As a young girl of the 1920s, Zhang cherished the opportunity to read God’s Word. But every day, she faced a problem: in her village in eastern China—surrounded by winding canals and stretches of grassland—she shared one Bible with all of her neighbors.
When Zhang wanted to read Scripture, she walked to a nearby schoolhouse, which held the only Bible in her community. Men, women and children would form a line out the door and down the street while waiting for their chance to read its pages. When Zhang’s turn finally arrived, she would copy her favorite Bible verses into a small notebook; this was the only way she could study Scripture at home.
Zhang’s Bible-reading routine carried on through World War II, when Japanese soldiers invaded her community. As air raid sirens roared through her village, she watched her neighbors pack their belongings and flee in search of safety. But Zhang stayed put, retreating to a cellar to pray with a close friend.

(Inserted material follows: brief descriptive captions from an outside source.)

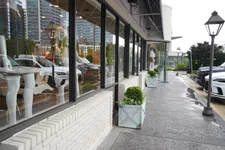 Thumbnail for Sidewalk view of a modern store with large windows, potted plants, street lamps, and parked cars on a rainy day.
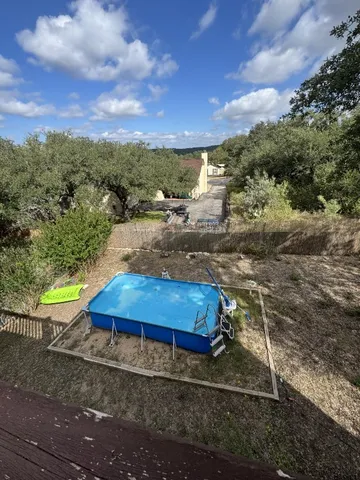 a view of a yard with an outdoor space
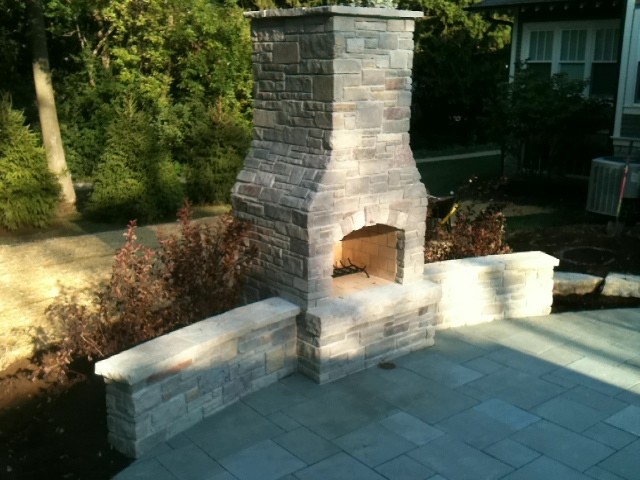 This is an example of a mid-sized traditional backyard patio in Chicago with a fire feature, natural stone pavers and no cover.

When the threat had passed, Zhang resurfaced and made her way to the schoolhouse, where she spent time reading the Bible. Even in the midst of war and chaos, Zhang rooted herself in God’s Word.

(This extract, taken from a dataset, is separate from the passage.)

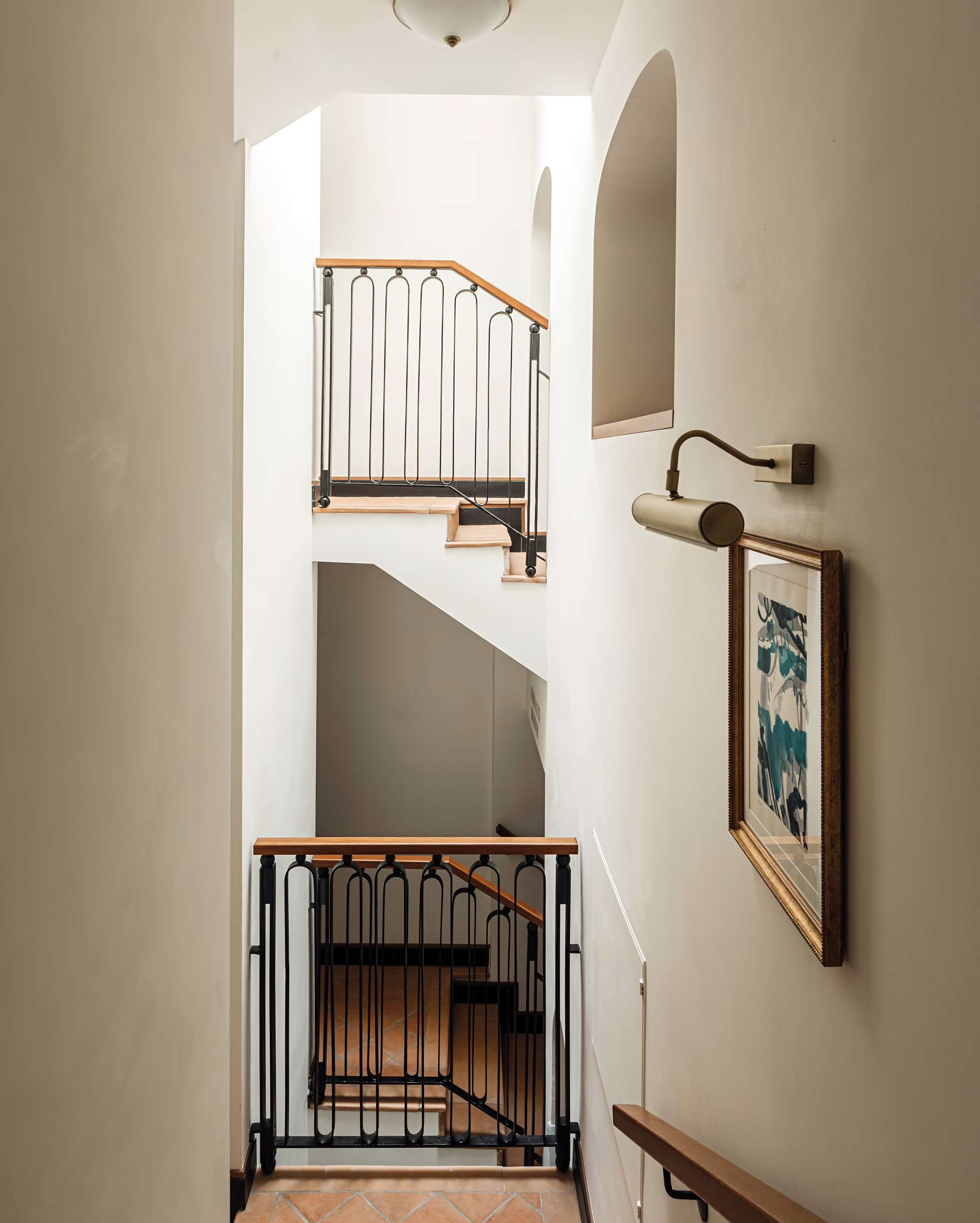 Splendido Mare, Europe — Minimalist stairwell with metal railings, wooden handrails, arched alcoves, neutral plaster walls, and framed botanical artwork casting soft natural light.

“These were the happiest momen`ts of my life,” she says. “While our world was not at peace, because of that Bible, I was at peace in my own heart.”
As the years passed, Zhang clung to this pattern of Bible reading. Following the Chinese Cultural Revolution—a decade of social and political purging of traditional Chinese values, including the practice of religion—Zhang continued to read and study Scripture, relying on her community’s lone Bible to fill her appetite for God’s Word.

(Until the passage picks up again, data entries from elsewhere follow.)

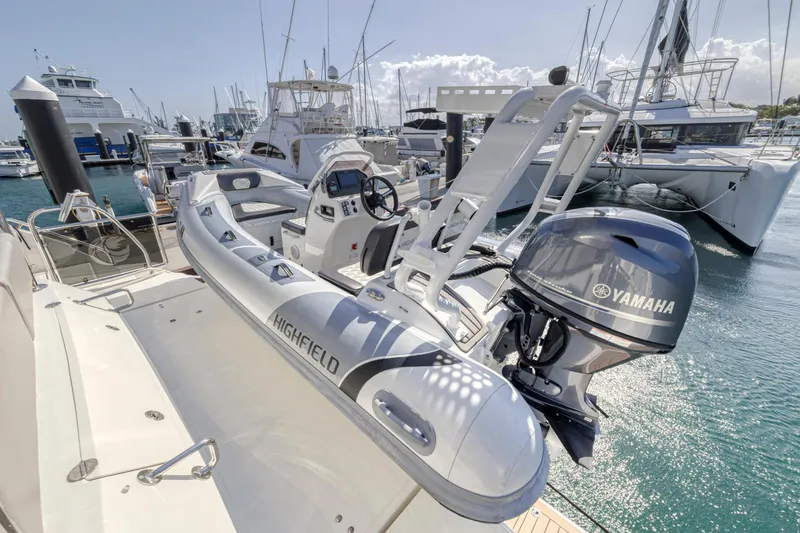 Slide: The Image of 2023 Aquila 54 Yacht docked in a scenic canal with lush greenery. - 104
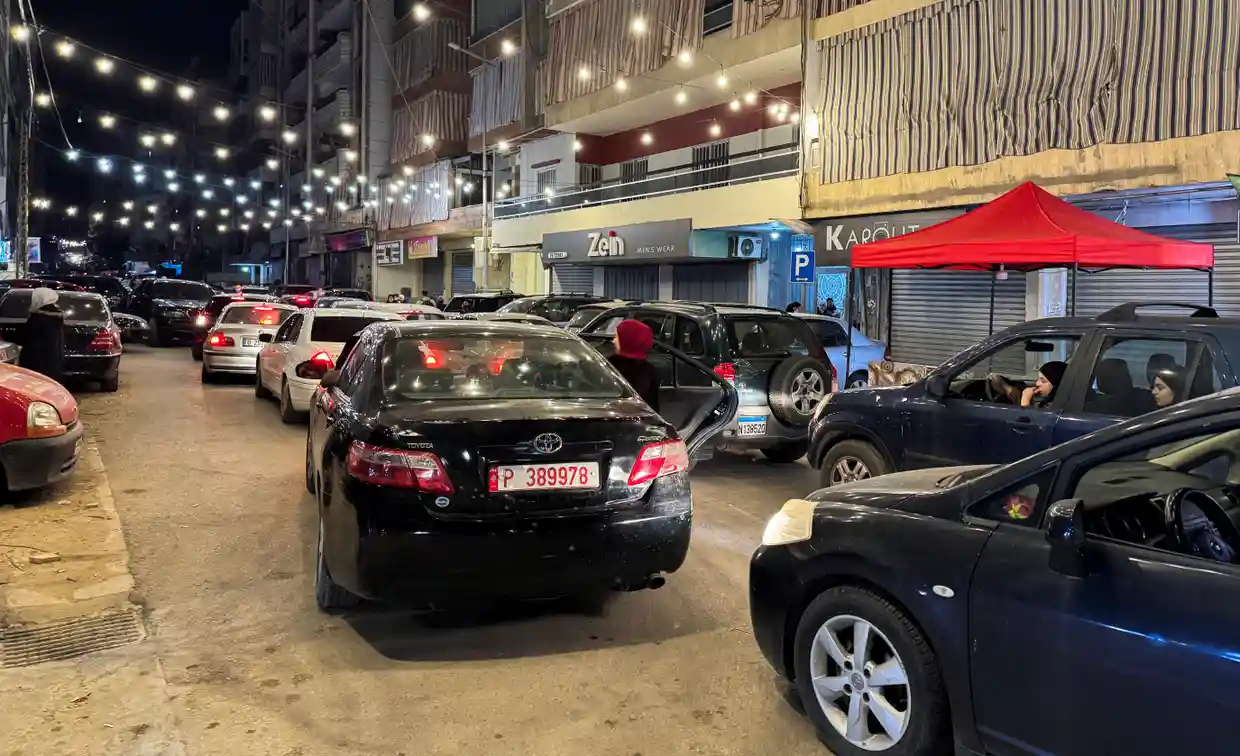 People leave in their cars after Israeli strikes on Beirut's southern suburbs.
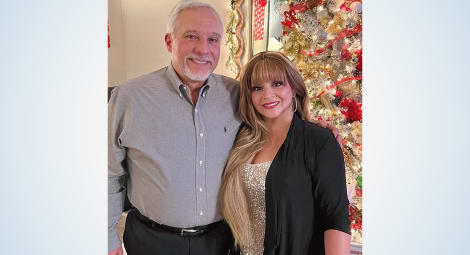 Man and woman pose in front of a Christmas tree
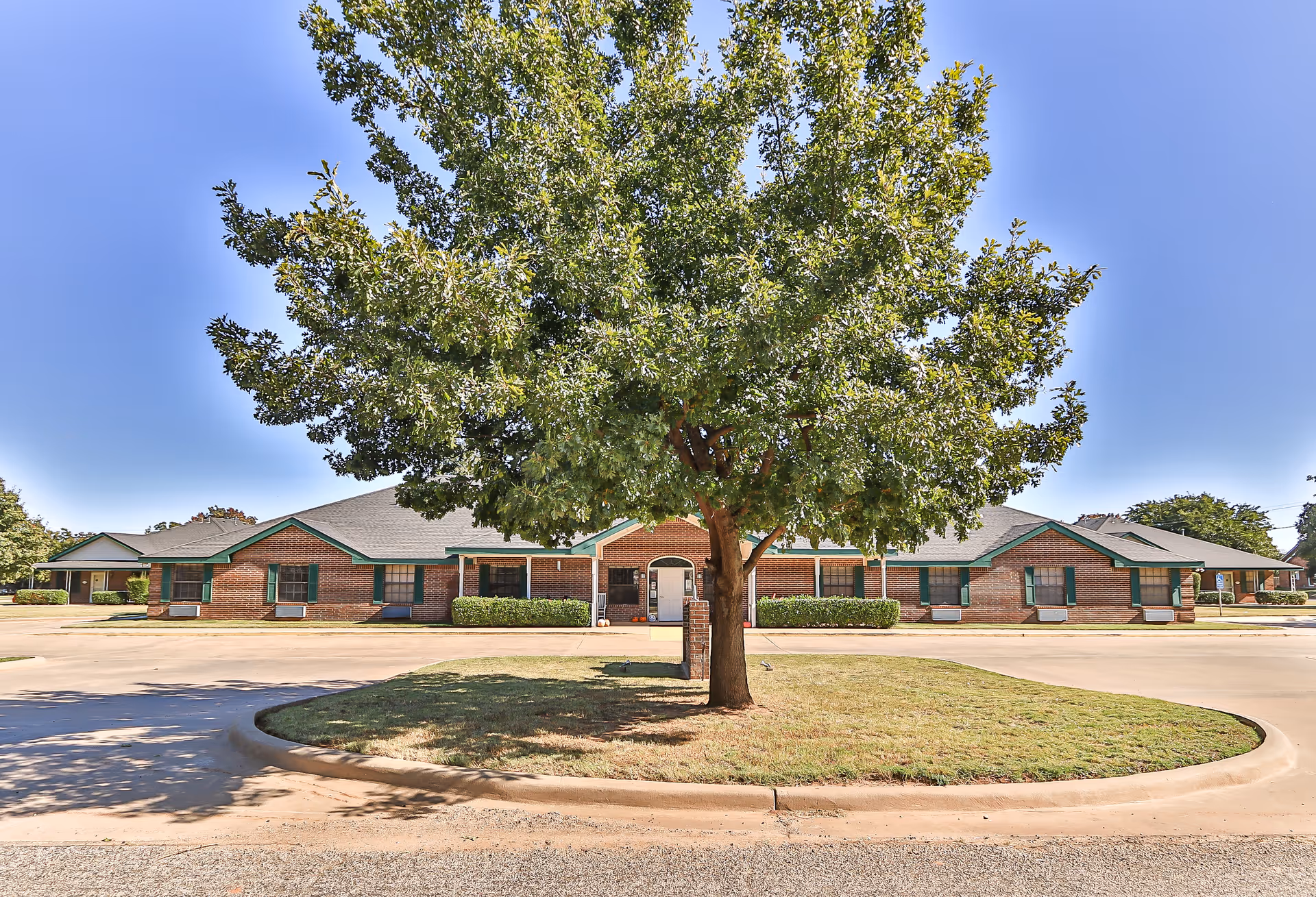 Front view of a single-story brick senior living building with green trim and a large tree centered in the foreground.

But recently, while approaching her 95th birthday, Zhang’s Bible-reading routine changed forever. After waiting a lifetime for her first Bible, Zhang visited the church near her home, where she received a Bible from church leaders during a Bible distribution supported by American Bible Society’s financial partners.
Today, Zhang can open her Bible—day or night—and study passages of Scripture. She can read the Gospels. She can engage with Paul’s letters. And she can meditate on the Psalms.
Yet even while reading her new Bible, Zhang holds closely to a lifelong tradition: she copies down her favorite Bible verses into a pocket-sized notebook.
Now, Zhang can engage with Scripture wherever she goes.